Single by Gabriella Cilmi

from the album Ten
- B-side: "Magic Carpet Ride"
- Released: August 26, 2010
- Recorded: 2009
- Genre: Synthpop, ambient, pop rock
- Length: 3:45
- Label: Island
- Songwriters: Gabriella Cilmi, George Astasio, Jason Pebworth, Jon Shave
- Producer: The Invisible Men

Gabriella Cilmi singles chronology
| "Hearts Don't Lie" (2010) | "Defender" (2010) | "The Sting" (2013) |

Music video
- "Defender" on YouTube

= Defender (Gabriella Cilmi song) =

"Defender" is a song by Australian singer–songwriter Gabriella Cilmi, released as the third single from her second studio album Ten. The single release of "Defender" included a cover of Kiki Dee's "Magic Carpet Ride" as a B-side, promotional releases however listed the two songs as a double A-side. It was co-written by Gabriella herself alongside George Astasio, Jason Pebworth and Jon Shave.

==Release==
"Defender" was released as a digital download on 26 August 2010. The single failed to appear on the UK Singles Chart.

==Critical reception==
Jon O'Brien from Allmusic said that: "The epic beats of the Dido-esque power 'Defender' offer a respite from the party atmosphere, but as competent as they are, Ten is much more interesting when Cilmi unleashes her previously hidden disco diva tendencies".

==Music video==
The music video for "Defender" starts off with Cilmi with her back to the camera holding a microphone, a stage light is shining on her and a crowd can be heard cheering and applauding her. The video then cuts to Gabriella sitting and singing in a room wearing a white top; the room seems to be a part of a derelict space station. Clips of her walking through the corridors with a black dress intersect the parts of the video with her in the room. Walking through the corridor, she takes off her jewelry and her dress, undressing to just her underwear and shoes. Water then sprays over her and closeups of Gabriella with wet hair are shown.

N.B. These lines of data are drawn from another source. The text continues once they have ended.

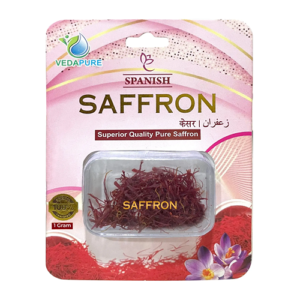 Vedapure Natural & Pure A++ Grade Spanish Saffron/Kesar Threads- 1 Gram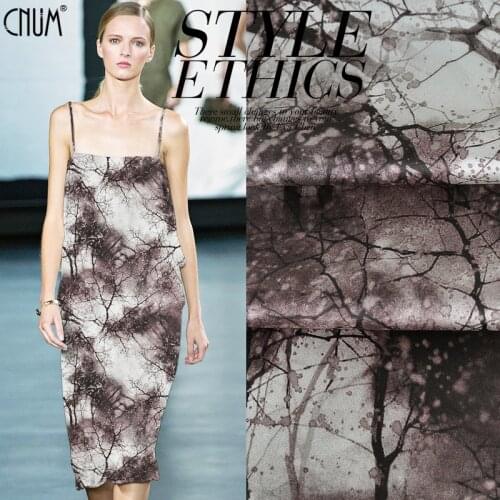 CNUM SP636 Pure Silk/Strength and Spirit/Silk Fabric Elastic 93% Silk 7% Spandex/Width1.20yd Thickness19mm, By Meters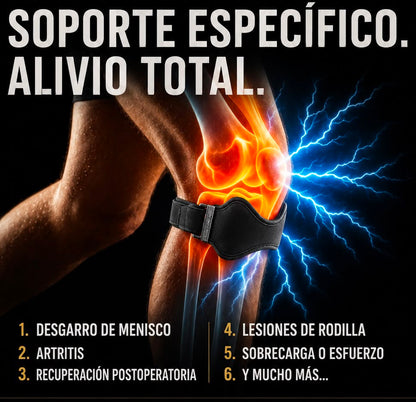 2 Rodilleras por el precio de 1 — Correa Tendón Rotuliano, Alivio del Dolor de Rodilla y Soporte Profesional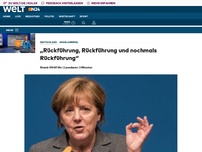 Bild zum Artikel: Angela Merkel: 'Rückführung, Rückführung und nochmals Rückführung'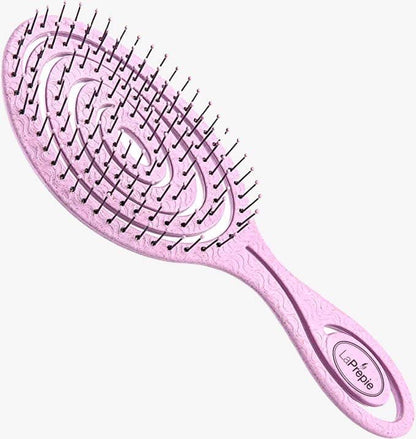 Cepillo de Masaje Capilar "Hair Spa Brush" FUCSIA x 1 unidad La Prepie 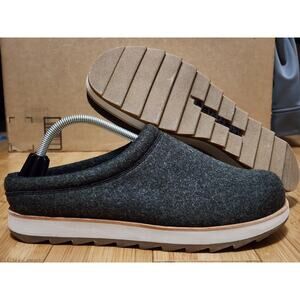 Merrell Juno Clog Men's Size 9 Black Wool Faux Fur Lined Comfort Shoes J002143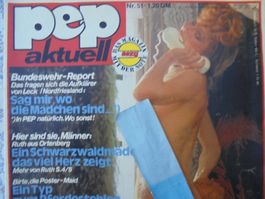 Sex Magazin Erotik Deutschland 1976 PEP AKTUELL + Poster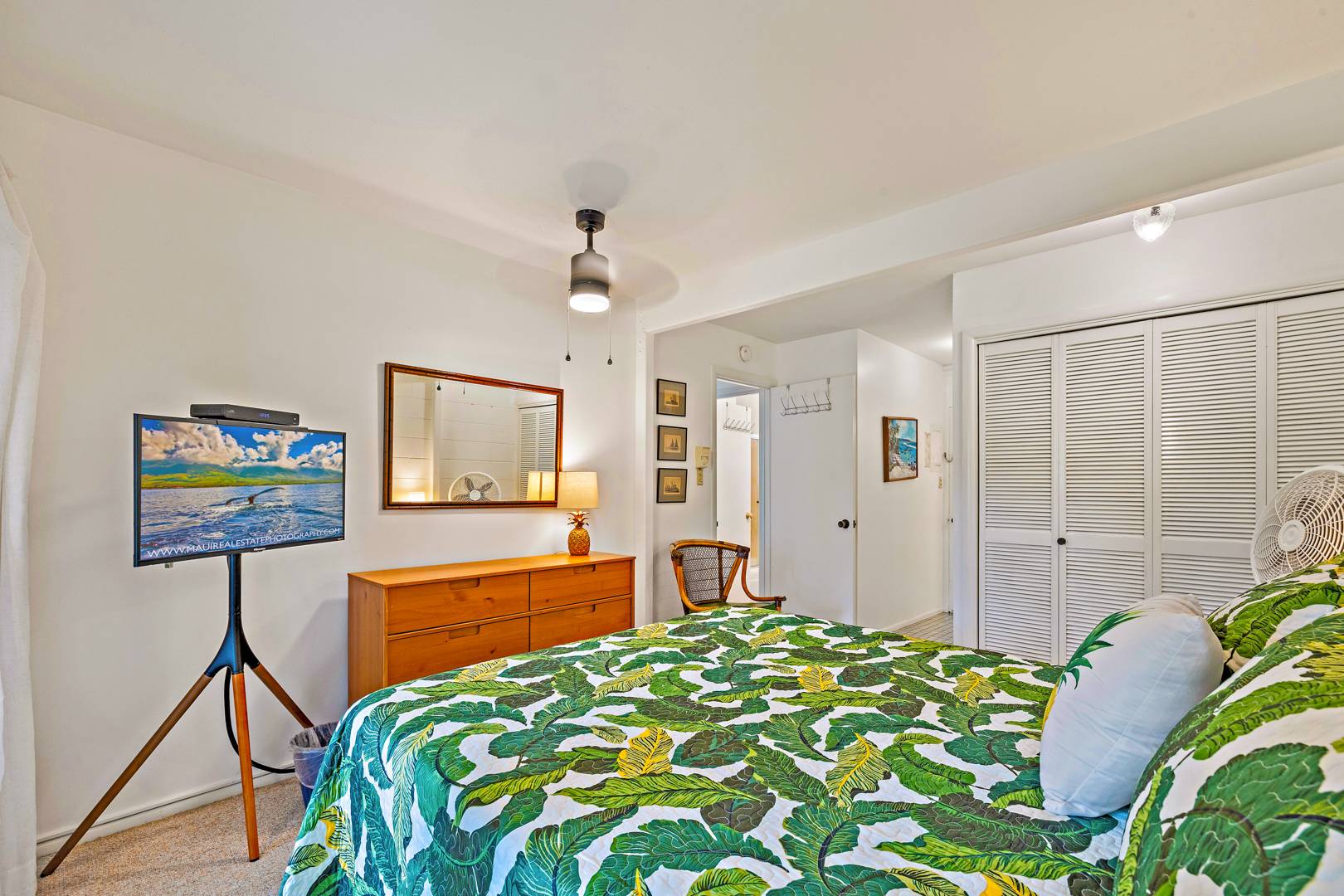 downstairs bedroom view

Scenes of her in the white top intersect again. Gabriella is seen fully clothed again and she starts to cut her wet hair with a pair of scissors. She then finds some ink in a glass bottle and uses an instrument to tattoo three bars on her wrist. She wraps black material around her wrists and is then seen walking down the corridor again only this time she is holding a katana and she has a scarf around her mouth. The lights then go out in the space station, and Gabriella fades into the darkness.

==Track listings==
- Digital download
1. "Defender"

- Digital EP
2. "Defender"
3. "Magic Carpet Ride"
4. "Defender" (Cahill Remix)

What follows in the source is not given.